Eat Your Way To Healthier Skin With These Late Summer Recipes
Summer, glorious summer. With its long, warm nights; bright days; and sun-kissed skin, oh how we love you! But yikes, what about red-as-lobster legs, pigment spots, or aging skin from spending too much time in the sun? And how can we use food as a preventive and cure to these unfortunate mishaps of sunlight?
With a few more months left of bright nights and vacations still being had, do more for yourself with protecting and restoring responses to UV exposure. While we all wait for the scientists to agree on the safety of commercial sunscreens, in the meantime we can eat our way to healthier skin — here's how!
Research suggests that lycopene in tomatoes, in addition to its ability to attack free radicals, may also reduce inflammation and cholesterol, improve immune function, and prevent blood from clotting.
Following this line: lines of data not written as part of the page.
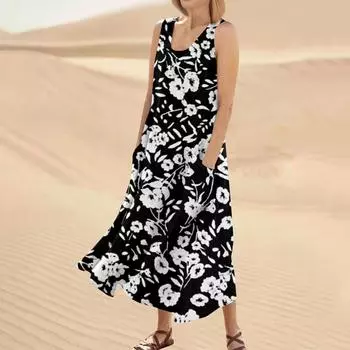 Женское модное повседневное однотонное хлопковое льняное платье без рукавов с карманами L чёрный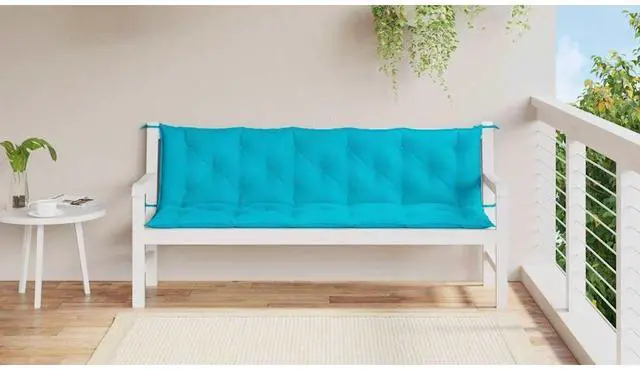 Alt view image 3 of 7 - vidaXL Indoor/Outdoor Bench Cushions 2 pcs, Patio Loveseat Cushions, Porch Swing Seat Cushions, Non-slip, Water-Repellent, Breathable, Resilient, Turquoise 70.9"x19.7"x2.8" Oxford Fabric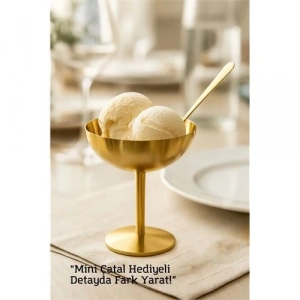 BFS  Gold Inox Çelik Ayaklı Dondurma ve Sunum Kasesi – Tatlı, Lokum ve Sunum Kabı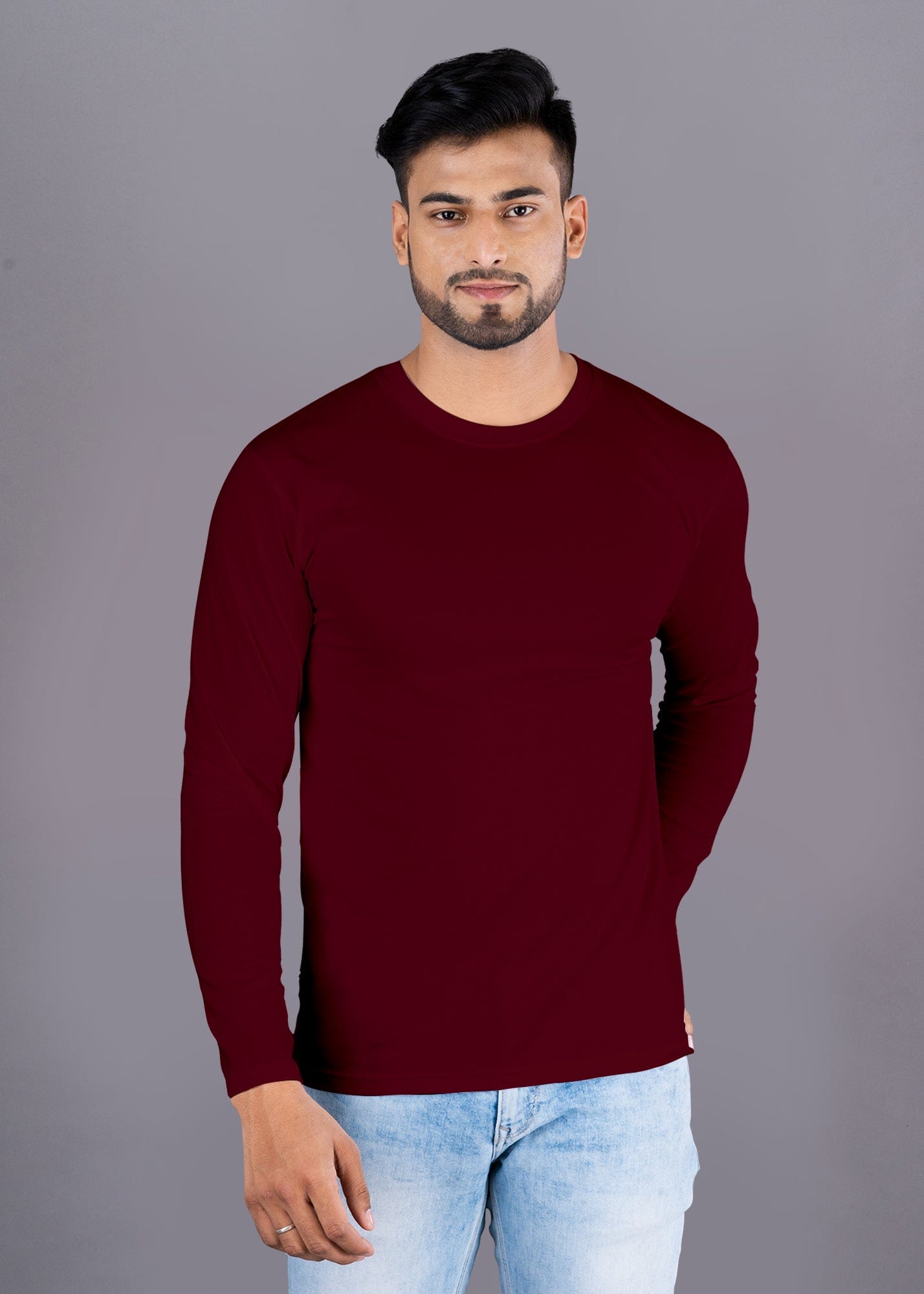 Solid Full Sleeve Premium Cotton T-Shirt For Men - Pack Of 3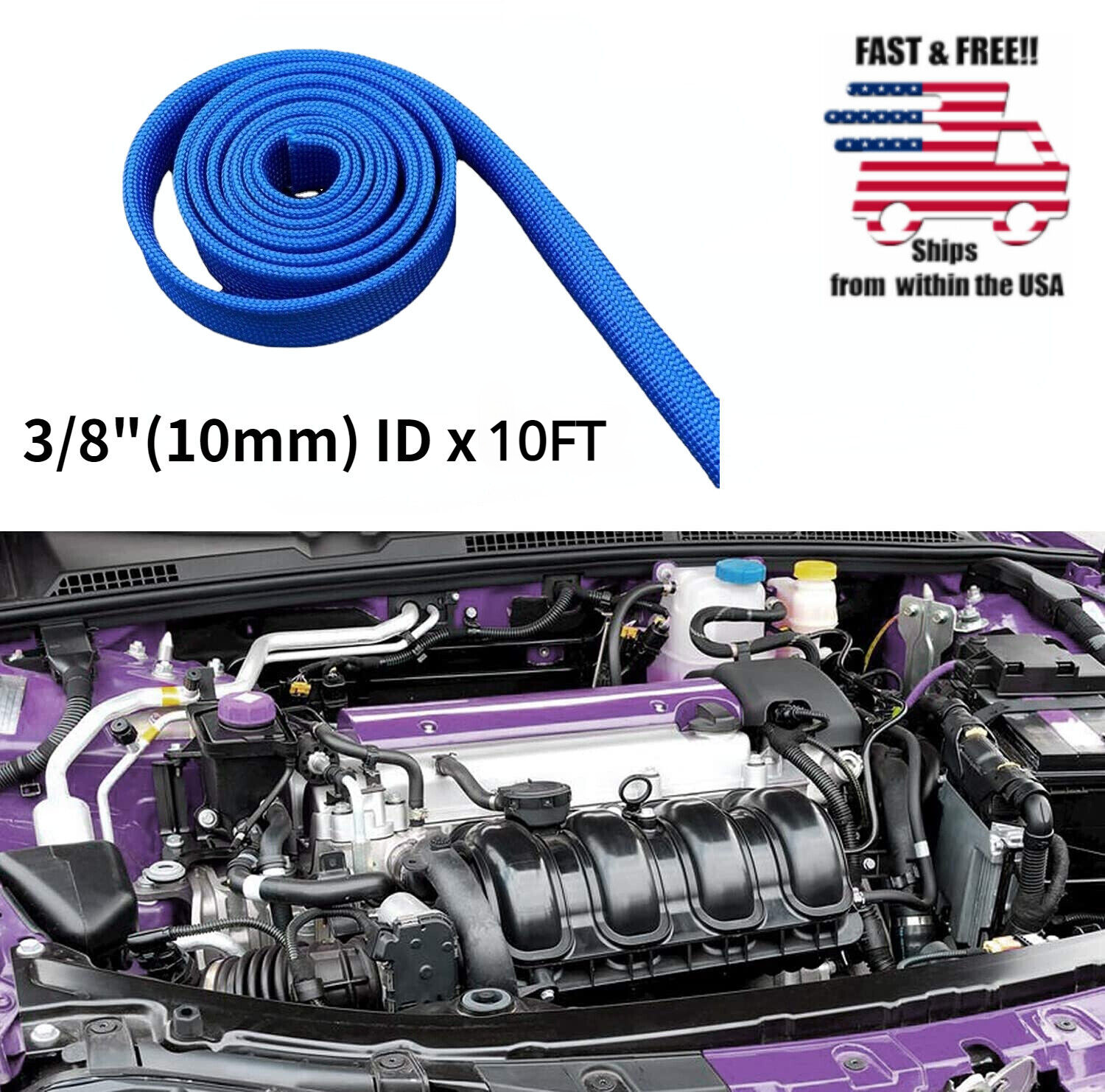 Heat Hose Fiberglass Wrap Shield Sleeve Wire Fuel Line Heat Shield Adjustable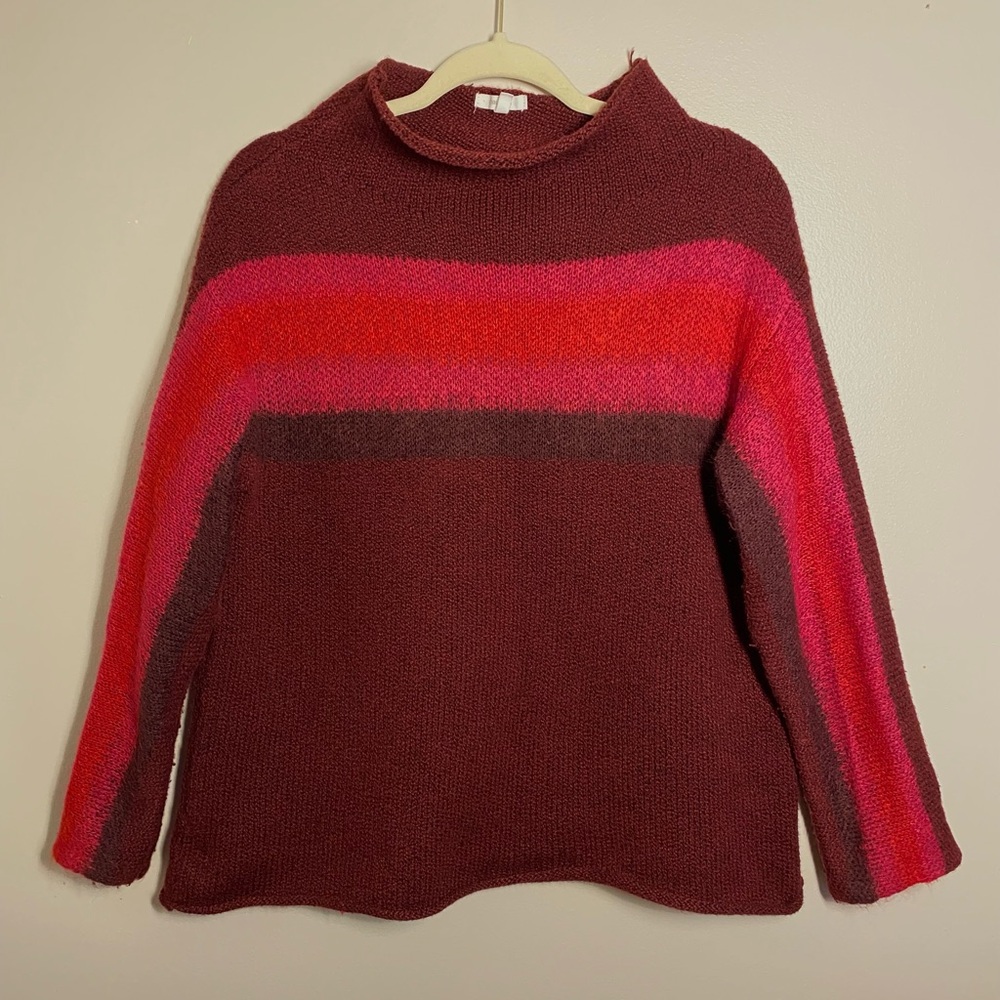 Maurice’s Maroon Pink Stripe Mock Neck Knit Sweater Medium Oversized EUC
Lycopene has been show to protect your skin from UV damage and sunburn. I freeze cherry tomatoes and put them in my smoothies each morning!
Skin Defense Salad
- 8 halved cherry tomatoes
- 2 slices of watermelon
- ¼ cucumber, thinly sliced
- Feta cheese
- Salad Dressing: Olive oil, cayenne, and lemon
Bake watermelon, just a few minutes on each side, add to plate and top with sliced cherry tomatoes and cucumber. Sprinkle over feta cheese and drizzle with your spicy salad dressing mix. Cooling and delicious.
Alongside tomatoes, watermelon has moved up to the front of the line in recent research studies on high-lycopene foods. Lycopene is a carotenoid phytonutrient that's especially important for our cardiovascular health, and an increasing number of scientists now believe that lycopene is important for bone health as well.
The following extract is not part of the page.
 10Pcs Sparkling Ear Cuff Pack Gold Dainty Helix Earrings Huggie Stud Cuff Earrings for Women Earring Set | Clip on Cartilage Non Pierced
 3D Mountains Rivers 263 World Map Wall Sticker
Freeze it and blend into a delicious drink, make ice pops, or flavored ice cubes. The creative ideas are endless of ways to enjoy this delicious hydrating fruit.
Summer Watermelon Mocktail
- 4 cubes frozen watermelon
- 6 mint leaves
- Sparkling water
- 1 lime wedge
Blend watermelon. Add into your glass the mint leaves and blended watermelon, and top with sparkling water. Add a lime wedge to the side and squeeze in for a little extra zest.
It really is good for you … Yep, in a seminal 2009 study, people who snacked on a tiny bit of flavonoid-rich dark chocolate every day seemed to be more protected from ultraviolet radiation by the end of the 12-week study. The extra-healthy compounds in the sweet stuff — like epicatechins, catechins, procyanidins, and other flavonoids boost circulation in small capillaries in the skin, making skin cells healthier and keeping them cooler.
Find a sugar-free bar pure in ingredients, or buy it in powdered form and enjoy your way to better skin and pure indulgence.
Superfood UV Protection Boosting Smoothie
- 1 cup spinach
- 1 tablespoon cacao powder
- 1 tablespoon nut butter (your choice)
- Handful of frozen cherry tomatoes
- 1 frozen banana
- Handful of frozen red grapes
- Protein powder of choice — I always go back to Sunwarrior
- Water or nut milk
Place all ingredients into your blender, top with water or nut milk, blend, and enjoy!
Omega-3 fatty acids in chia seeds can reduce inflammation (which is the precursor to most diseases) and protect your skin from sunburn and melanoma (a deadly form of skin cancer).
Easy-Peasy Chia Cup
- 2 cups coconut milk
- ½ cup chia seeds
- ½ teaspoon vanilla extract
- ¼ teaspoon cinnamon powder
Place all ingredients in blender and blend on high for 1 to 2 minutes until completely smooth. Pour mixture into a jar or glass container and place in the refrigerator for at least 4 hours or overnight to let gel.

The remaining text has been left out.